Silicon Oxide is almost perfectly lattice matched to silicon, but completely insulating. Which means it's incredibly easy to grow features onto polished silicon wafers because the oxidation product of the material is exactly what you need in order to build up insulating features - i.e. MOSFET junctions, capacitors and conductive paths.

bee_rider|1 year ago

Clay and glass are also partially made of silicon, right?

I’ve always found of fascinating that silicon was right there at the beginning of material science, and has stuck around since. Same for copper.

I don’t actually think the universe has intentions, but copper, silicon, and dogs do sometimes make me question that belief, it is just a little suspicious that our species would have such loyal friends.

namibj|1 year ago

Low band gap is actually detrimental for transistors. The more spare band gap, the higher temperature you can operate them at.

dogben|1 year ago

And it's relatively easy to make large pure silicon single crystal.

gshubert17|1 year ago

Just before the section on Moore's Law, it says this about silicon purity:

> Electronic grade silicon (EG-Si): 99.9999999 pure ('nine nines pure') Thats one impurity atom in every 10.000.000 silicon atoms.

I believe that should be 1.000.000.000 (10^9 atoms) to correspond to nine nines pure. Just as one impurity atom in every 100 (10^2) atoms would be 99% (two nines) pure.

ExAr|1 year ago

Hi everyone! I am the author of the website exclusivearchitecture.com.

Thanks everyone for all the positive feedback - so rewarding to see! I have already made some corrections to a detail where I gave an incorrect number with the "nine-nines-purity" and it should be 1 impurity in 1.000.000.000 silicon atoms. Thanks gshubert17 for pointing that out.

I have noticed that my website is currently down with a timeout - sorry for that. I hope this is going to be resolved asap.

Cheers! MK

ninju|1 year ago

> I have noticed that my website is currently down with a timeout - sorry for that. I hope this is going to be resolved asap.

HN hug of death strikes again

gdevic|1 year ago

I loved the article! Spot on and just the right depth for the article size (I am a CPU architect).

0wis|1 year ago

I am not an expert but it seems like a great source to understand chips without getting top deep. It reminds me the classic « Nand 2 Tetris » course [1] with less involvement indeed. Thanks for the developer and thanks for sharing. Curious to know industry expert comments !

[1]:https://www.nand2tetris.org/

xg15|1 year ago

From the "Overview" page:

> Microchips – also referred to as integrated circuits – are considered to be among the greatest technological achievements of the last century. Their invention has paved the way for a digital revolution that keeps changing the world to the present day.

...

> The ENIAC computer from 1946 had over 17.000 vacuum tubes and suffered a tube failure on average every two days, which was time-consuming to troubleshoot and repair.
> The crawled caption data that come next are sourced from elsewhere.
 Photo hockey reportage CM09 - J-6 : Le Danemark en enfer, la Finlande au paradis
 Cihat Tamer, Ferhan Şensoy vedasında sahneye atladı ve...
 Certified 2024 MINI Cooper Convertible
With the invention of the transistor in 1947 by Bell Labs, the components became significantly smaller, but the transistors were still wired together individually. This reduced power consumption of those computers and their overall size, but not their wiring complexity. It was not before the invention of integrated circuits before computers became way more efficient and easier to operate and maintain.
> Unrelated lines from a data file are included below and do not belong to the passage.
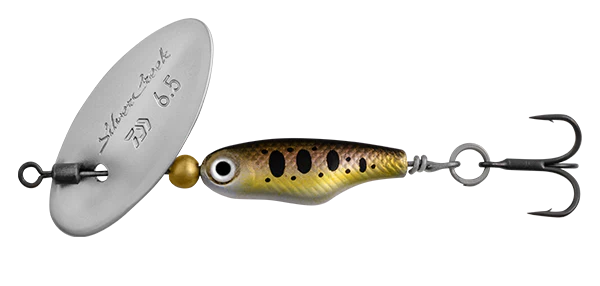 Daiwa Silvercreek Inline Spinner SS 6.5g - Image 3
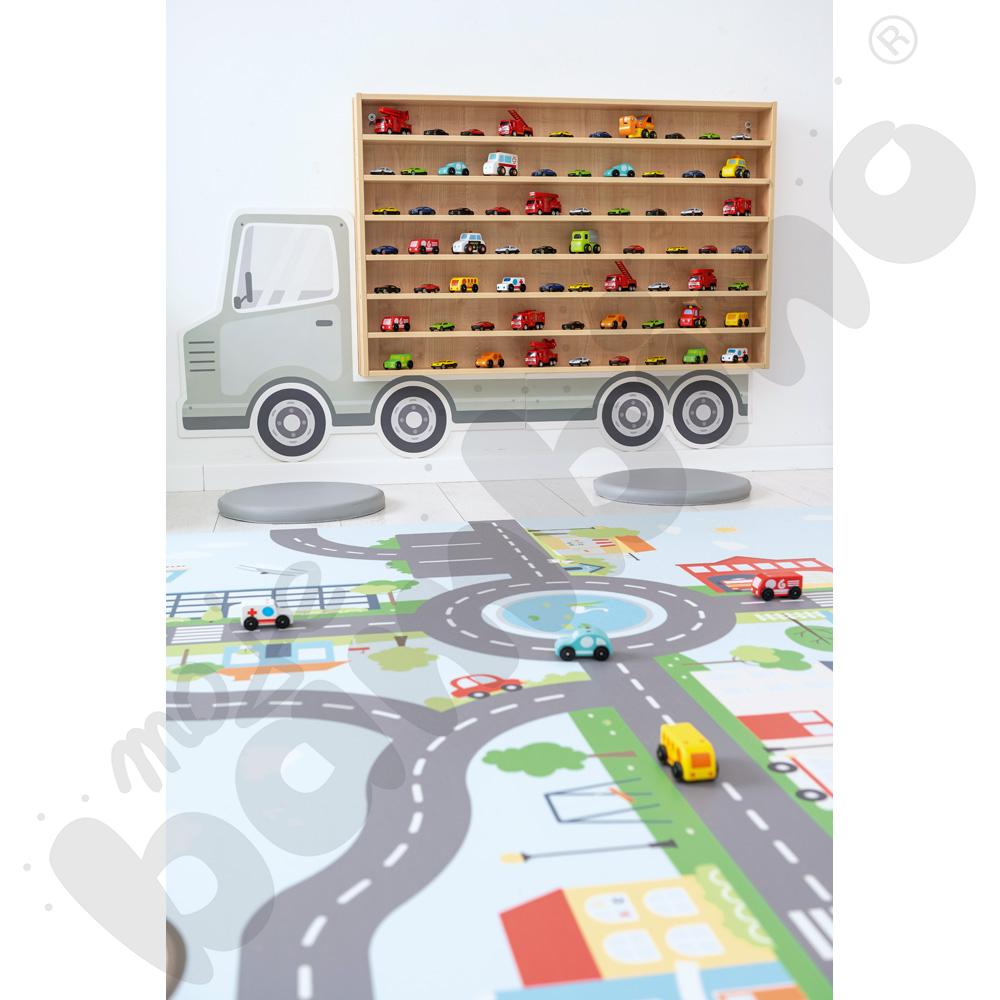 Duża półka na resoraki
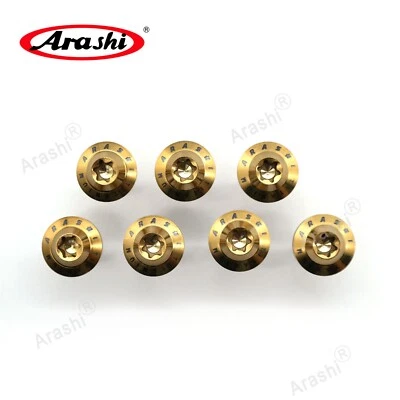 12pcs Front Brake Disc Rotor Mounting Bolts Fit BMW F800GS ABS 2009-2018 2011 - Image 1 of 4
I find it on some level hilarious that one of the fundamental breakthroughs that allowed the technological revolution pick up speed and perception-wise cross the barrier from "sophisticated machinery" to "magic" was, in some sense, proper cable management.

jpm_sd|1 year ago

It's really /elimination/ of cable management. Essentially the same thing that makes printed circuit boards superior to wire wrapping. Turned a manual labor process into a (photo)lithographic process. Not that different from the replacement of hand-lettered manuscripts with the output of a printing press!
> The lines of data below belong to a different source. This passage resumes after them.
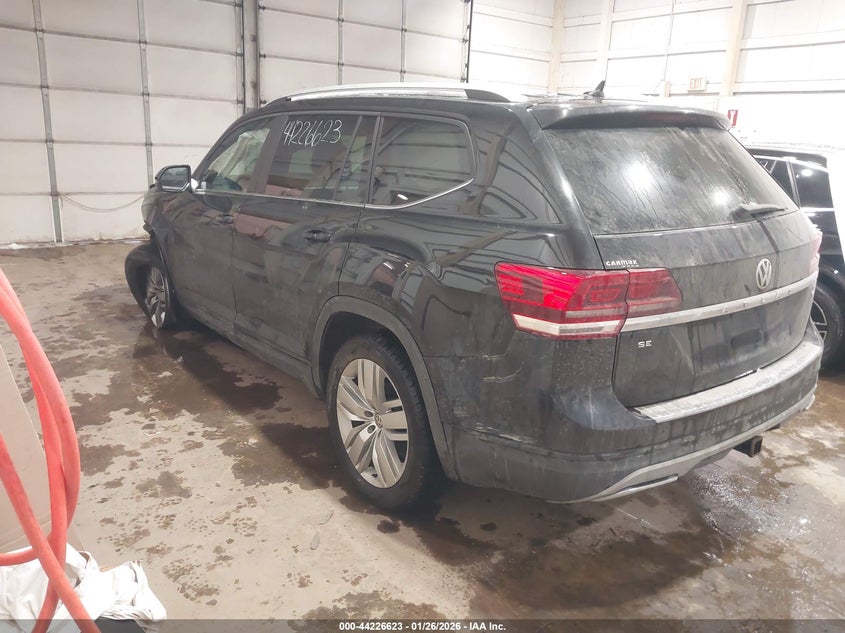 2019 Volkswagen Atlas 3.6L V6 Se W/Technology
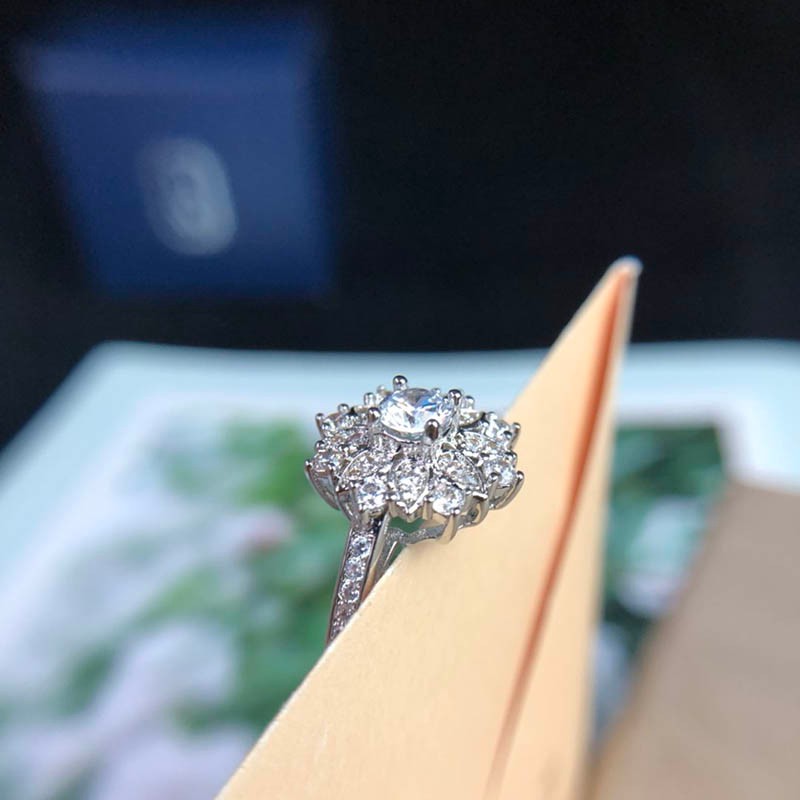 New Spring Items (Harry Winston) - Diamond Ring Replica inw79060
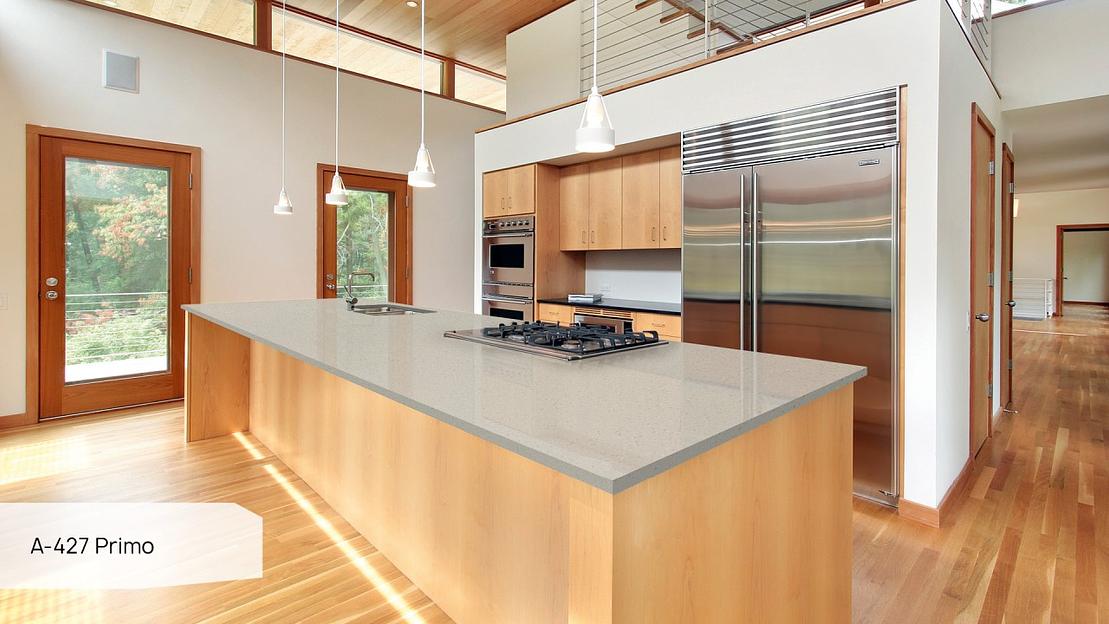 Кварцевый камень Grandex «A-427 Primo» ОПТ фото 2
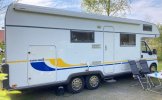 Eura Mobil 4 pers. Rent an Eura Mobil motorhome in Castricum? From € 108 pd - Goboony photo: 4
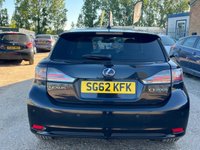 USED 2012 62 LEXUS CT 1.8 200h SE-L CVT Euro 5 (s/s) 5dr 2 Owner/2Keys/Just Serviced
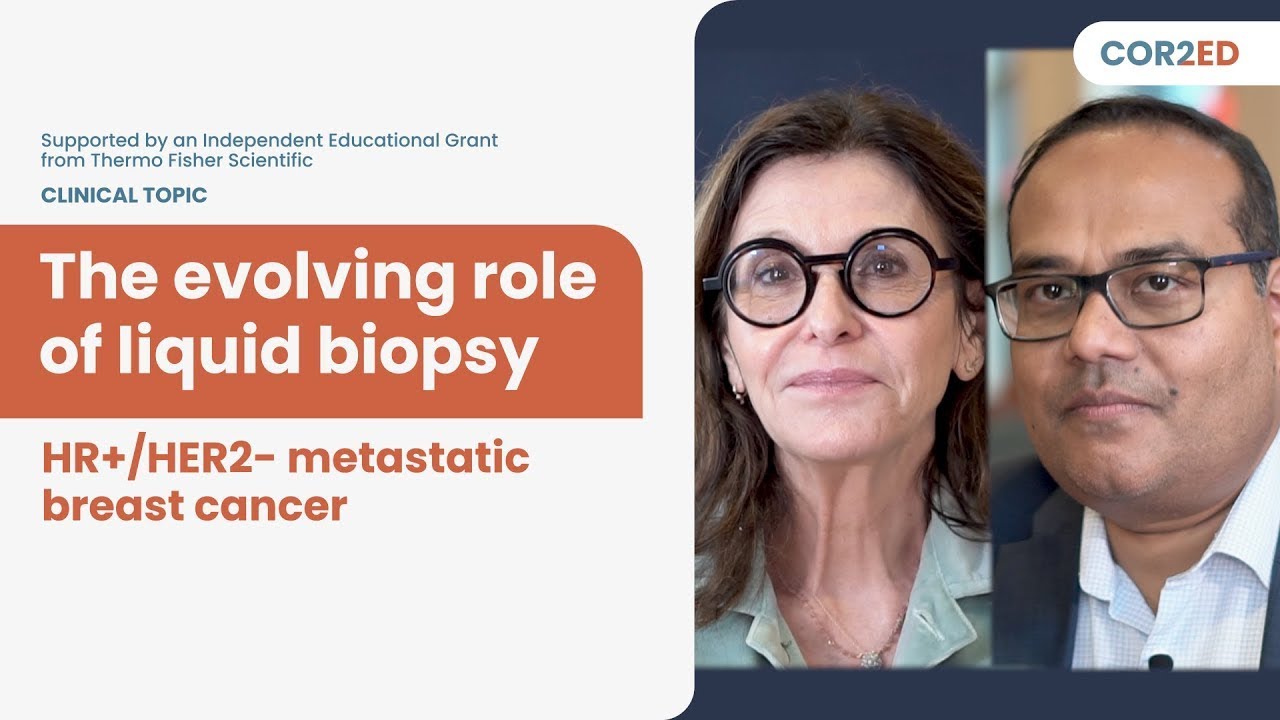 Liquid Biopsy for HR+/HER2- Metastatic Breast Cancer Thumbnail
In larger electronic and electromechanical systems, cables and connectors ("harnessing", collectively) are still major weak points.

agumonkey|1 year ago

I guess with scale, the tiniests of details become the bottleneck :)

kken|1 year ago

I am really impressed by the clarity of the illustrations in the article.

imperialdrive|1 year ago

I wonder where we would be if a printed copy of that post was delivered back to TI and Intel etc R&D labs 50 years ago.